You should spot-check your litter trays daily and scoop out any messes. Add a little extra litter to maintain the depth. Once per week, you should empty the entire litter tray, throwing away the dirty litter.

Rinse the tray, clean it with a mild disinfectant and wipe it clean. Add a fresh layer of litter and replace the tray with its normal position. Cats tend to go straight into a litter tray after it has been cleaned, so keep your scoop ready.

What If Your Kitten Isn’t Getting It?

Some kittens take to litter training like a duck to water. Others seem to take forever to get the hang of it. If your kitten is struggling, there are a few things you can do.

Firstly, check that your litter trays are easily accessible and that your kitten is able to climb in and out without help.

If your litter tray is in a busy part of the house, try moving it to a quieter location and see how your kitten responds. They may be more comfortable having the litter tray away from the busyness of your daily routine.

Don’t tuck the litter trays right into a corner. Cats don’t like to feel confined or closed in and having a litter tray against two walls can make kittens feel uneasy.

If you have other cats, your kitten may feel intimidated using the same litter tray or your older cat may be territorial of their preferred toileting spot. Add an additional tray somewhere else in the house so your kitten has other options.
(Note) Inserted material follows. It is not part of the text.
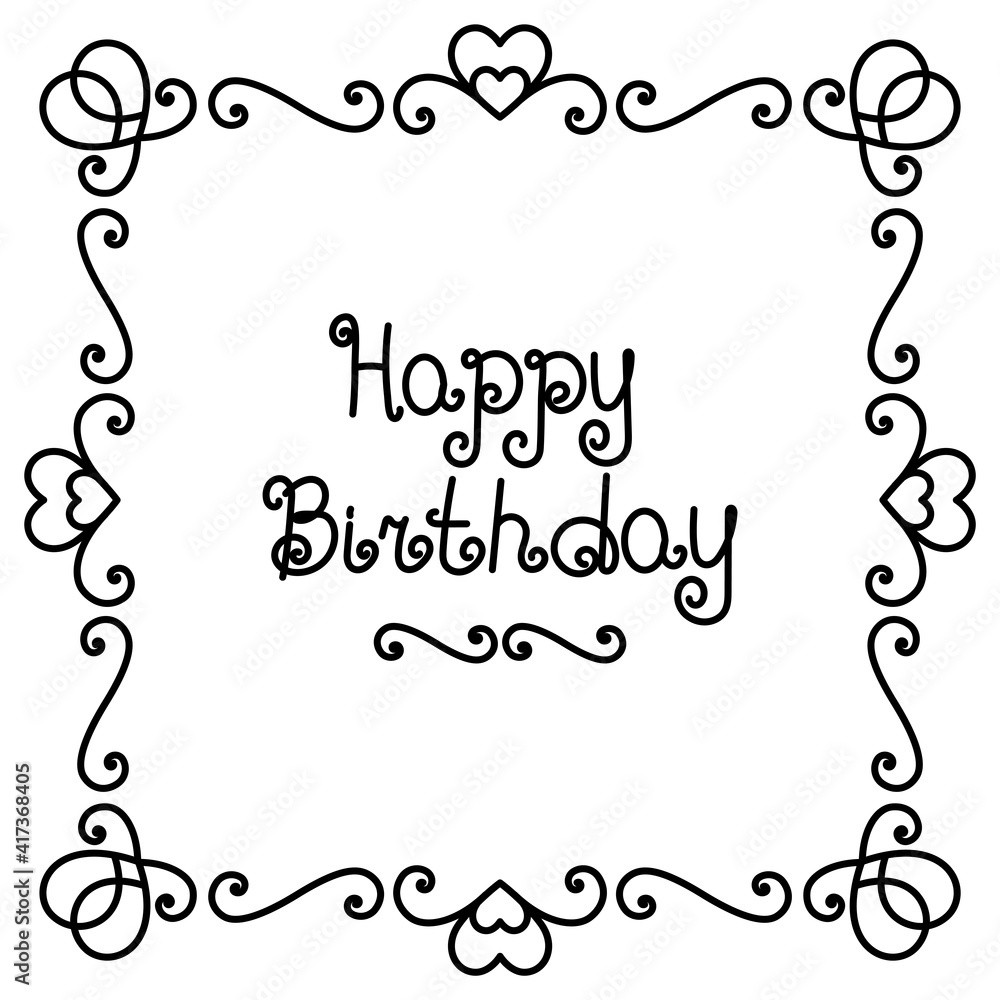 Frame for invitation or greeting card with text. Happy Birthday. Curly ornament with hearts. Black line vector design Frame for invitation or greeting card with text. Happy Birthday. Curly ornament with hearts. Black line vector design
Try changing the litter type you are using. If you have a fine grain, trying switching to wood chip or a larger grain litter. If your litter tray is covered, remove the lid or vice versa. A little trial and error will eventually hit on a sweet spot and your kitten will be a litter tray pro in no time!
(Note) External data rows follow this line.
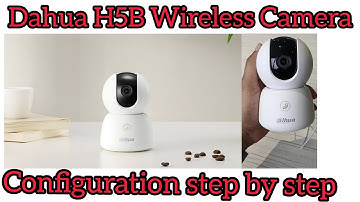 Dahua Hero H5B camera configuration | Dahua Hero series camera configuration | Hero wireless camera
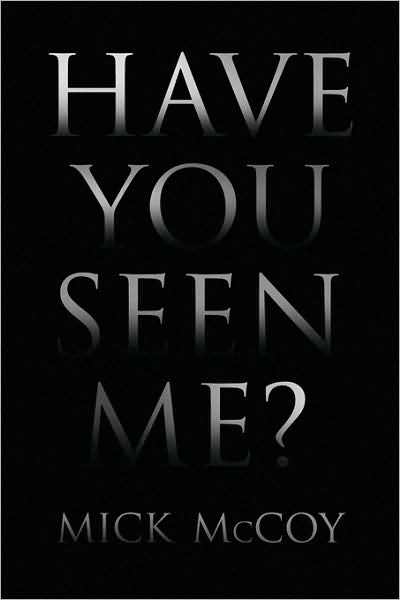 Cover for Mick Mccoy · Have You Seen Me? (Paperback Book) (2009)
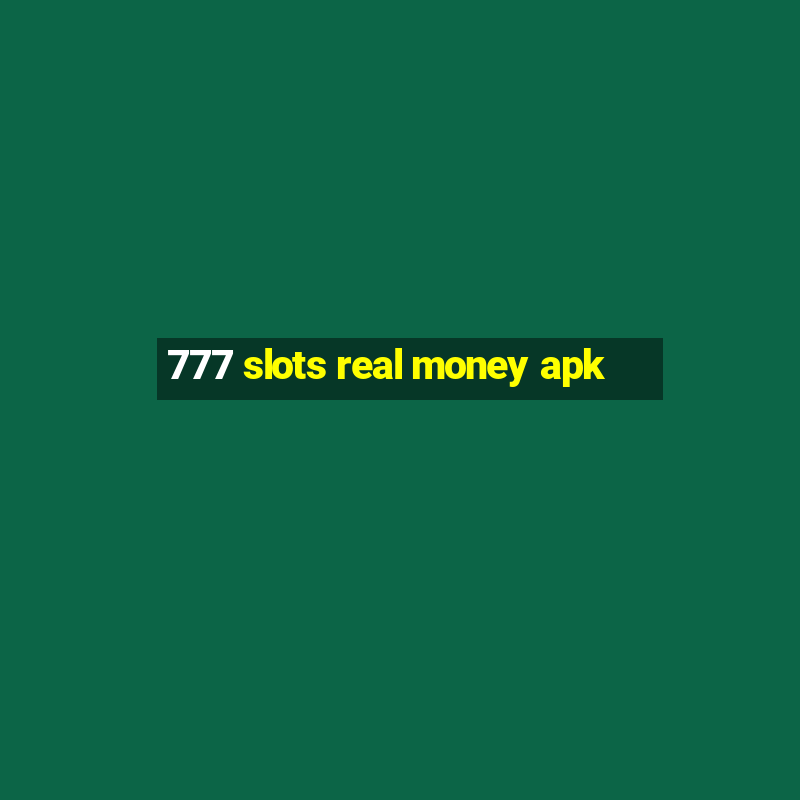 777 slots real money apk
How To Raise a Kitten to be Cuddly

Is your kitty crabby and you’d like to change that? While heredity influences a cat’s personality, you can raise a kitten that’s friendly and social even if you don’t know its early influences and experiences. If you’re looking to help your feline become a lap cat, here are five tips that can help you succeed.

Keep Calm

Sudden movements and aggressive actions scare cats and can make them stay away from you. Instead of sudden movements which might catch your kitten unaware, move slowly so your cat and kitten alike will feel comfortable with you being around. Even if you’ve been living together for some time, your kitten will appreciate some calmness which is at the core of basic feline manners.

Don’t stare

Cats don’t like eye contact and typically feel threatened by it. This is probably the fastest way to earn your kitten’s dislike and make them want to avoid you. Instead, slowly blink your eyes at him and watch for its reactions. The slow-blinking is a non-verbal statement that says “I love you” and if your cat responds with the same slow-blinking, it means your cat loves you. The slow blink is a kitty kiss without all the touchy-feely stuff. And if your cat walks toward you while purring and wriggling around your legs, it’s a sign that you’re getting it right.

Rub him/her the right way

Kittens and cats have the way and places they want to be touched, and when done right, it can help your feline pet become cuddly. The best spots to scratch are between the ears, beneath the chin, and that sweet spot between the eyes. Don’t forget to also stroke them along the spine as it can help you gain some extra points too.  Meanwhile, avoid the belly and base of the tail area as kitties and cats do not like being petted or scratched around those parts. Many cats feel uncomfortable when their tummy is at risk, even if you’re not a threat. The reason is that cats release scents off their odor from their tail glands which they don’t like to pick up from us even though they like to perfume us with glands on their heads and face. Perhaps, the glands at the base of the tail have certain uses for other cats, and their perfume isn’t meant for you.

Bond through grooming

Grooming is another way to gain your cat’s favoritism. Grooming is a social thing among felines as they do it to themselves and each other. Your cat will probably enjoy it if you rub him tenderly and in rhythmic movements while talking to them in a soft voice. Make sure you watch for your cat’s reactions to know if it is enjoying your attention. If you see your kitten’s tail twitching or he stands up and walks away, it’s a sign that it’s enough.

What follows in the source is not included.